Constitutional: If the government can force you to buy something from a
private company there's not really much left that it can't do. In fact this
was the argument the Supreme Court made when it refuted that governments
argument that the Affordable Care Act was justified by the commerce clause--
that such a broad interpretation of the commerce clause would essentially
grant the federal government unlimited power. However, the justification that
the Supreme Court actually went with, that the ACA was basically just a tax,
is a bit ridiculous because it has almost all of the same problems.

Basically the difference according to the supreme court is that congress
doesn't have the authority to make it illegal not to buy health insurance.
They can't throw you in jail for not buying health insurance. But they can tax
you for not paying health insurance and throw you in jail for refusing to pay
the tax. The end result is pretty similar.

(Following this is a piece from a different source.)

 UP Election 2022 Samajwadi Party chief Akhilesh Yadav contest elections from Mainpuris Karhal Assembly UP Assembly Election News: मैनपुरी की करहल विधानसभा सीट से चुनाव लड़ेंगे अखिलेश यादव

Practical: This has more to do with the Affordable Care Act after the Supreme
Court made some alterations, rather than the bill that was passed. The
subsidies provided by the ACA are only for people making an income above some
multiple X of the poverty line, and below some multiple Y. People with very
low incomes were supposed to be covered by an expansion of medicaid, but the
Supreme Court ruled that congress can't force states to expand medicaid. So in
more than half the states people making just above a certain threshold get
essentially free healthcare, while people making below it get nothing. In
these states the ACA has done almost nothing to help the very poorest.

I would have honestly supported a single payer system and a universal (but
progressive) tax instead of this public private hybrid with punitive taxes.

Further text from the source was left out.